To recap the previous scenarios, I leave you with the following table showing the reaction of contact between all of the types of colliders. You will find a row per each profile that can move; remember that static profiles aren’t supposed to move. Each column represents the reaction when they collide with the other types, Nothing meaning the object will pass through with no effect, Trigger meaning the object will pass through but raise Trigger events, and Collision meaning that the object won’t be able to pass through the object:

	Collides with Static	Collides with Dynamic	Collides with Kinematic	Collides with Trigger Static	Collides with Trigger Kinematic
Dynamic	Collision	Collision	Collision	Trigger	Trigger
Kinematic	Nothing	Collision	Nothing	Trigger	Trigger
Trigger Kinematic	Trigger	Trigger	Trigger	Trigger	Trigger

Figure 7.4: Collision Reaction Matrix

Considering this, let’s start configuring the physics of our scene’s objects.

The walls, corners, floor tiles, and obstacles should use the Static Collider profile, so no Rigidbody component on them, and their colliders will have the Is Trigger checkbox unchecked:

Figure 7.5: Configuration for floor tiles; remember the Static checkbox is for lighting only

The player should move and generate collisions against objects, so we need it to have a Dynamic profile. This profile will generate a funny behavior with our current movement script (which I encourage you to test), especially when colliding against walls, so it won’t behave as you expected.
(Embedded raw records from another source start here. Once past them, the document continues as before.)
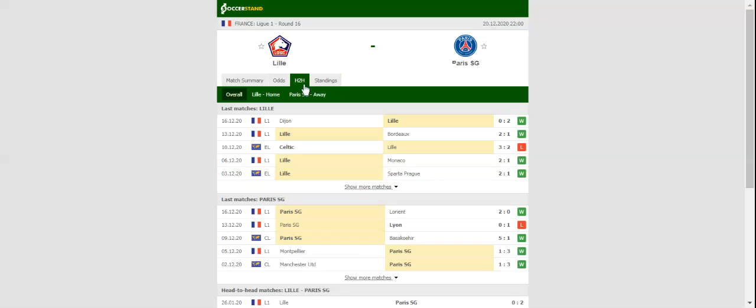Lille aim to keep their title hopes alive, and we are positive that they will go for a win in Sunday's showdown with the star-studded champions.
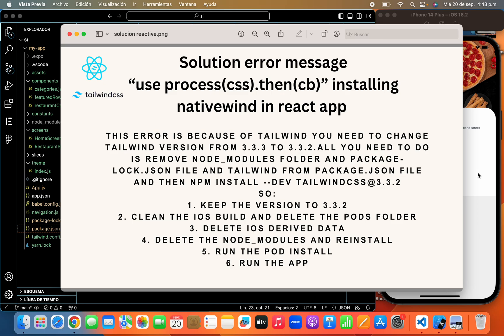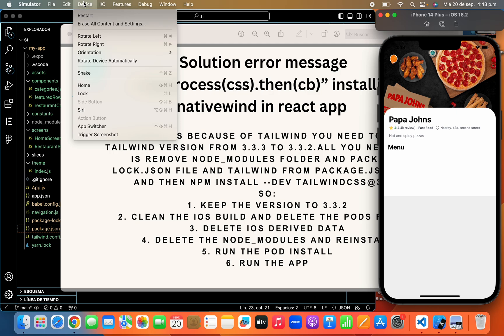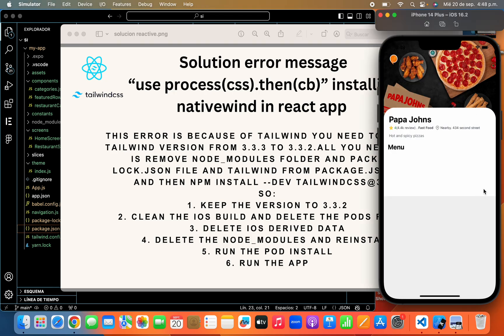Here when you have to delete iOS data in your simulator you come here and device restart erase. And okay, so delete the node, run the pod install, and run the app and that's it. So thank you, this is my first video in English, I'm so excited and thank you, have a nice day, bye!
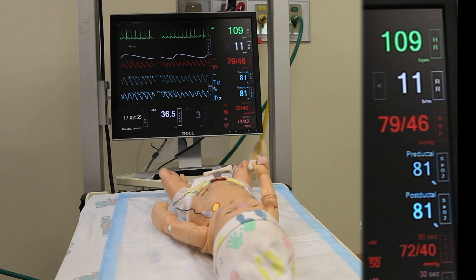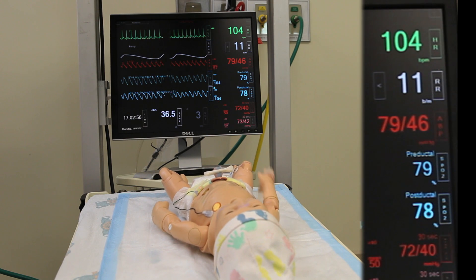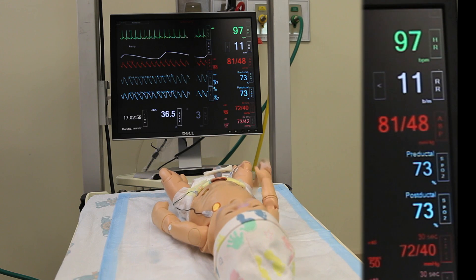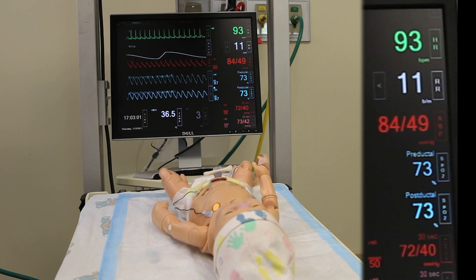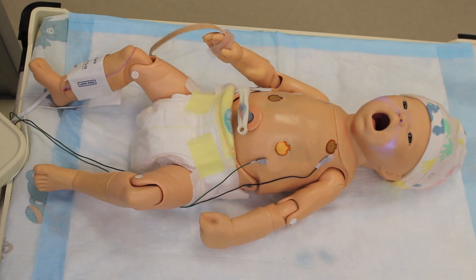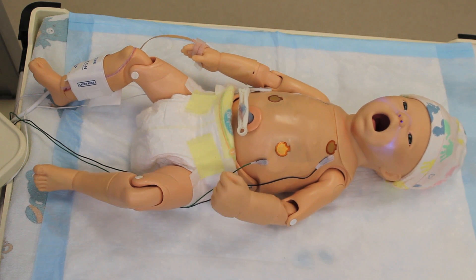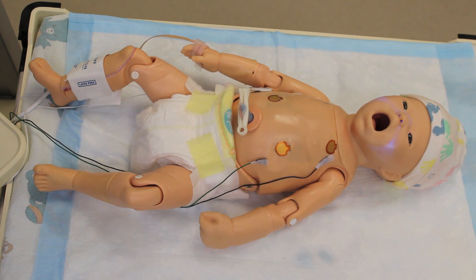In addition, if you tried to bag mask ventilate the baby, you would not be able to move air. When the baby is finished having the seizure, if you're bagging him, you'll see that there is chest rise, and then the baby will show some physiologic correlation of improvement.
We will deal with this later in this chapter:

Figure 7.6: Dynamic settings on the player

The Enemy Prefab we suggested you create previously will be using the Kinematic profile because we will be moving this object with Unity’s AI systems later, so we don’t need physics here, and as we want the player to collide against them, we need a collision reaction there, so there’s no Trigger here:

Figure 7.7: Kinematic setting for the enemy

For the Bullet Prefab, it moves with simplistic movement via scripting (it just moves forward), and not physics. We don’t need collisions; we will code the bullet to destroy itself as soon as it touches something and will damage the collided object (if possible), so a Kinematic Trigger profile is enough for this one. We will use the Trigger event to script the contact reactions:

Figure 7.8: The Kinematic Trigger setting for our bullet; Is Trigger and Is Kinematic are checked

Now that we have properly configured the objects, let’s check how to filter undesired collisions between certain object types.

Filtering collisions

Sometimes we want certain objects to ignore each other, like the bullets shot by the player, which shouldn’t collide with the player itself. We can always filter that with an if statement in the C# script, checking whether the hit object is from the opposite team or whatever filtering logic you want, but by then, it is too late; the physics system wasted resources by checking a collision between objects that were never meant to collide. Here is where the Layer Collision Matrix can help us.
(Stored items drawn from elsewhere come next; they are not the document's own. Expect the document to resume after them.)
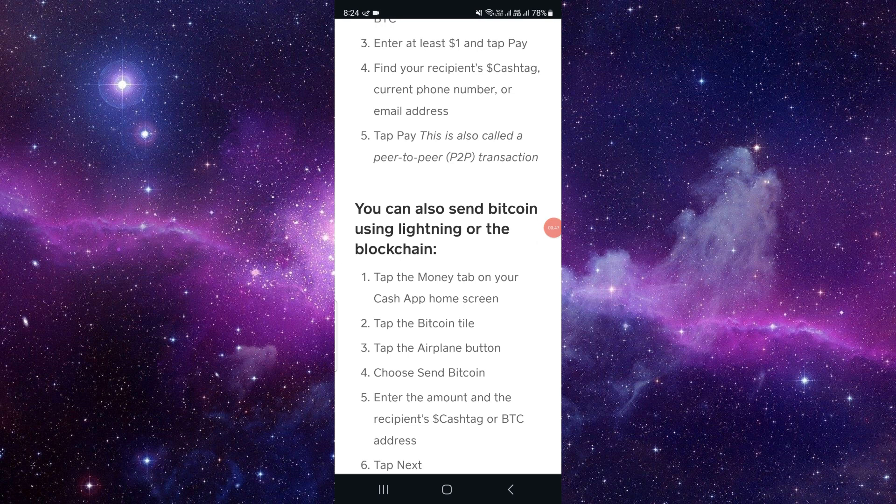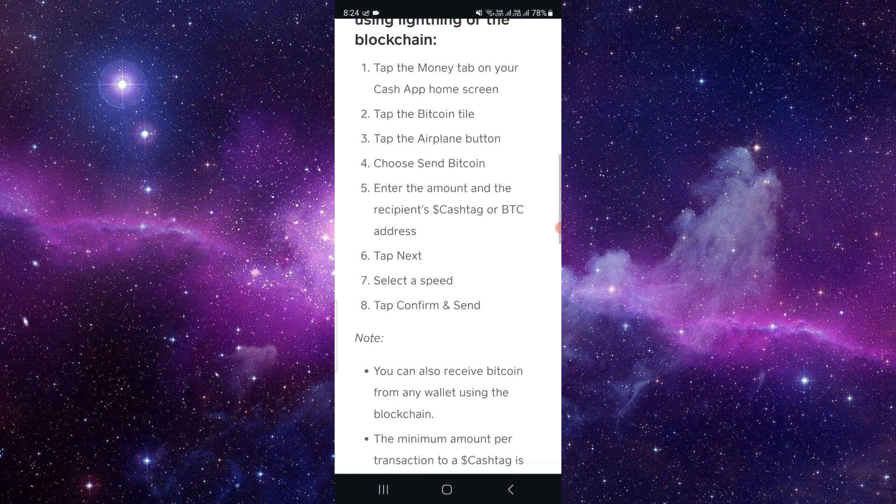You can also send bitcoin using Lightning or the blockchain.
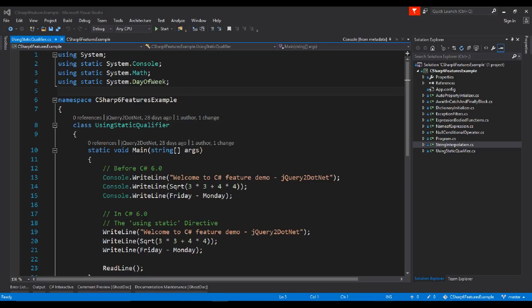Hello friends, in this video we are learning new features of C# 6: using static qualifier, string interpolation, null condition operator, auto property initializer, expression body functions and properties, dictionary initializer, name of expression, exception filter, and await in catch and finally blocks. So let's start with using static qualifier.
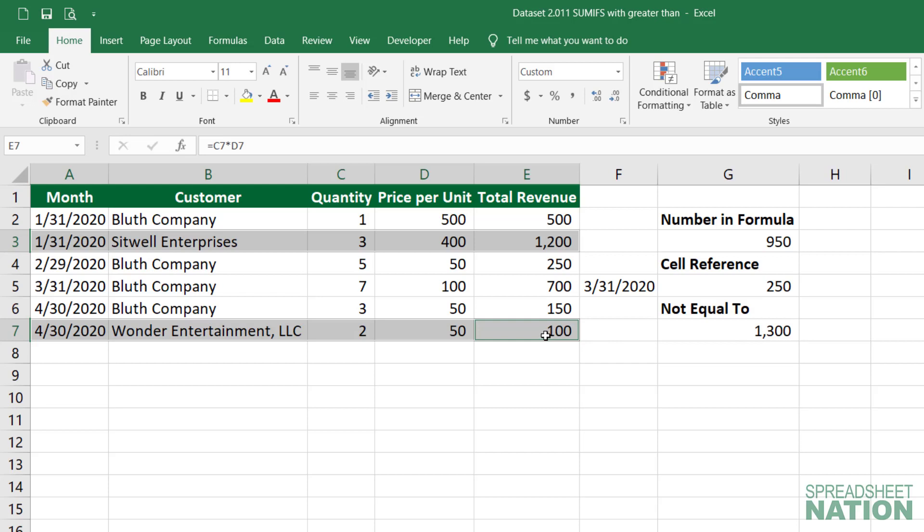These are obviously just some simple examples of using the greater than and less than signs. You can incorporate these signs into many different formulas whenever you want. Thanks for watching, and until next time, go spreadsheet something awesome!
The Layer Collision Matrix sounds scary, but it is a simple setting of the physics system that allows us to specify which groups of objects should collide with other groups. For example, the player’s bullets should collide with enemies, and enemy bullets should collide with the player. In this case the enemies’ bullets will pass through enemies, but this is desired in our case. The idea is to create those groups and put our objects inside them, and in Unity, those groups are called layers. We can create layers and set the layer property of the GameObject (the top part of the Inspector) to assign the object to that group or layer. Note that you have a limited number of layers, so try to use them wisely.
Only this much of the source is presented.